## Work item
Please make sure what you return matches the listing below exactly, minus its pictures.

(Raw data begins)

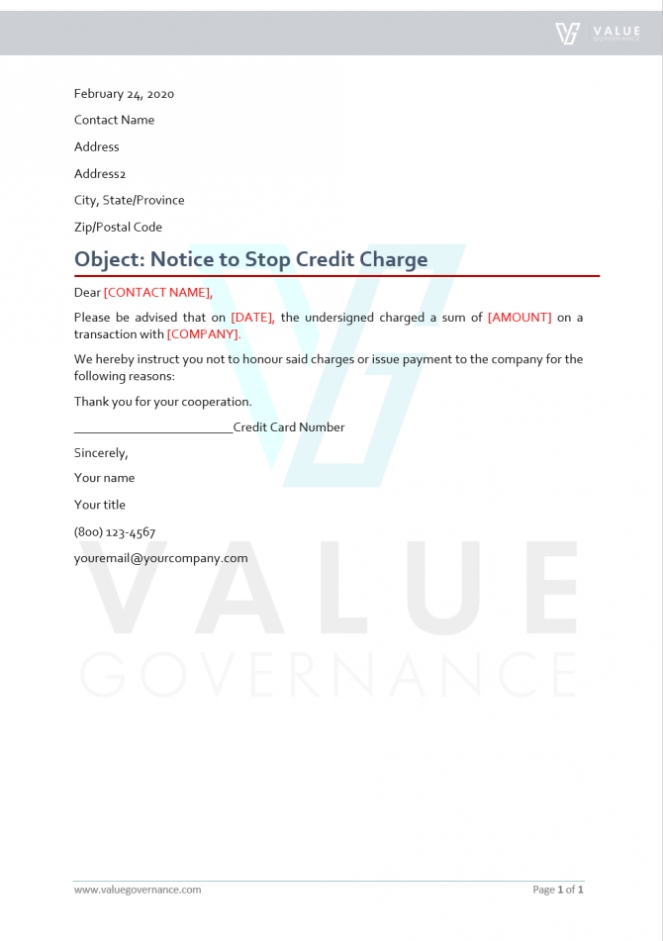 Notice To Stop Credit Charge - Gotilo Inside Company Credit Card Policy Template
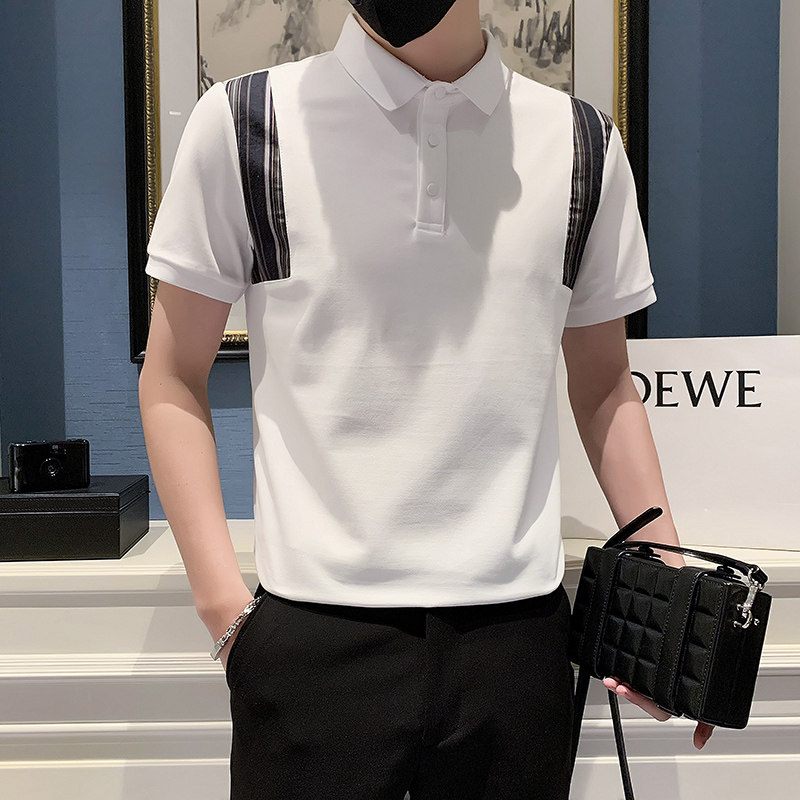2024春夏男打底衫短袖上衣POLO衫抖音拼接男D326-16882P55,男装T恤,星座1101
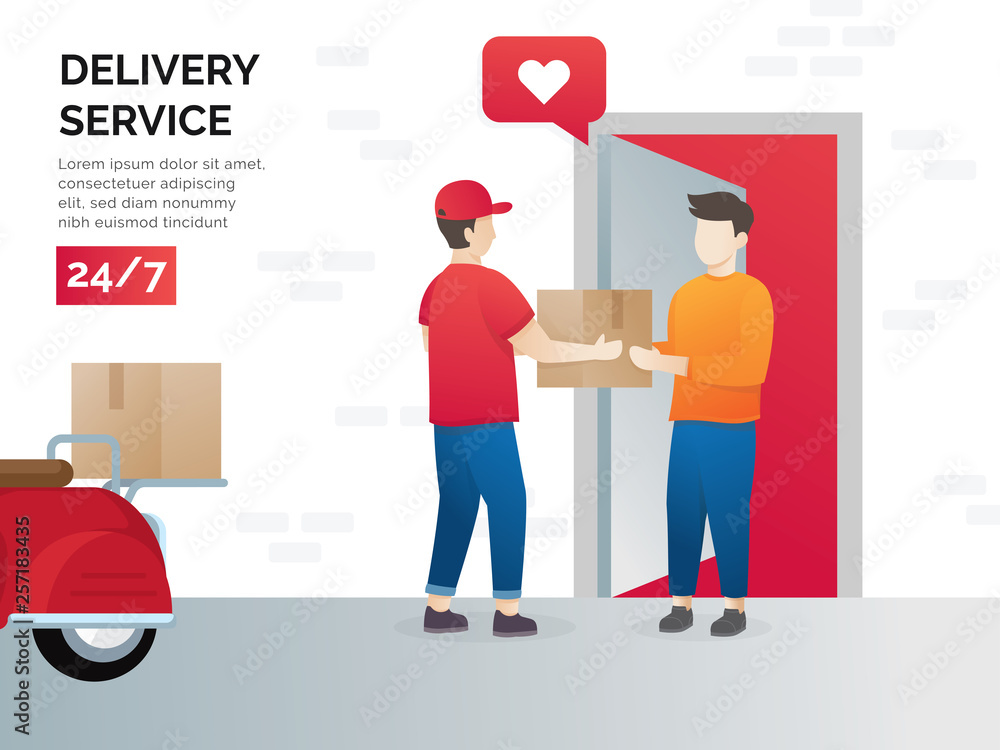 Doorstep Delivery and Parcel 4825032 Vector Art at Vecteezy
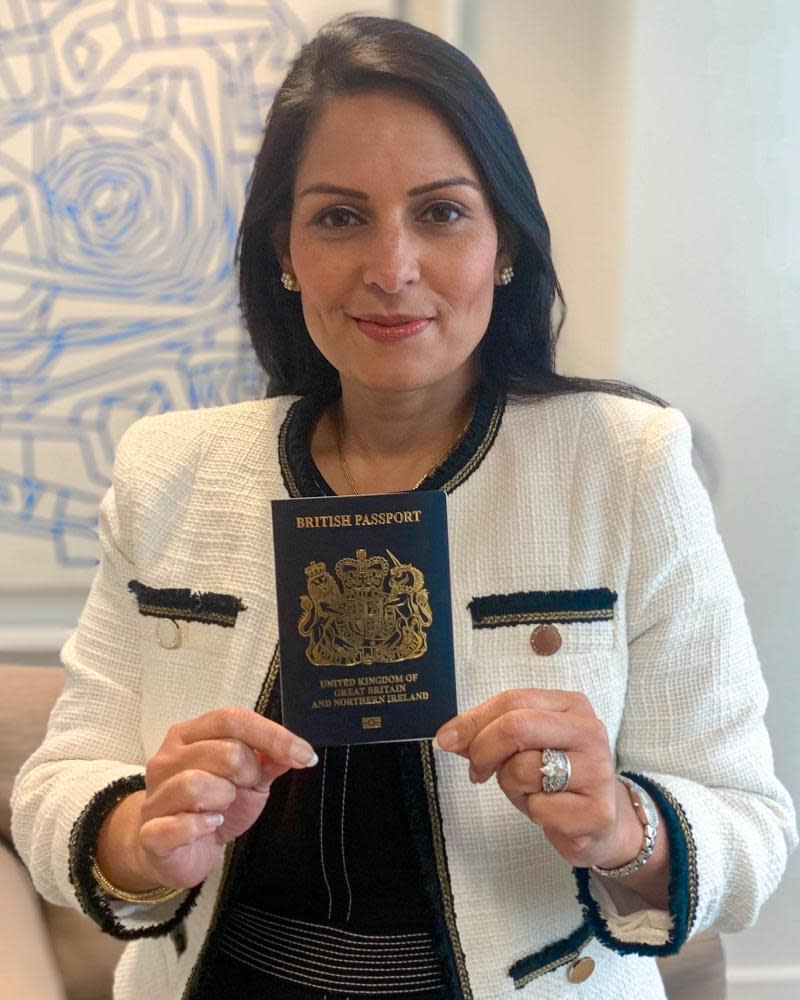 Priti Patel with the new ‘iconic’ blue passport.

(Raw data ends)

## Completed exercise
 Notice To Stop Credit Charge - Gotilo Inside Company Credit Card Policy Template
2024春夏男打底衫短袖上衣POLO衫抖音拼接男D326-16882P55,男装T恤,星座1101
 Doorstep Delivery and Parcel 4825032 Vector Art at Vecteezy
 Priti Patel with the new ‘iconic’ blue passport.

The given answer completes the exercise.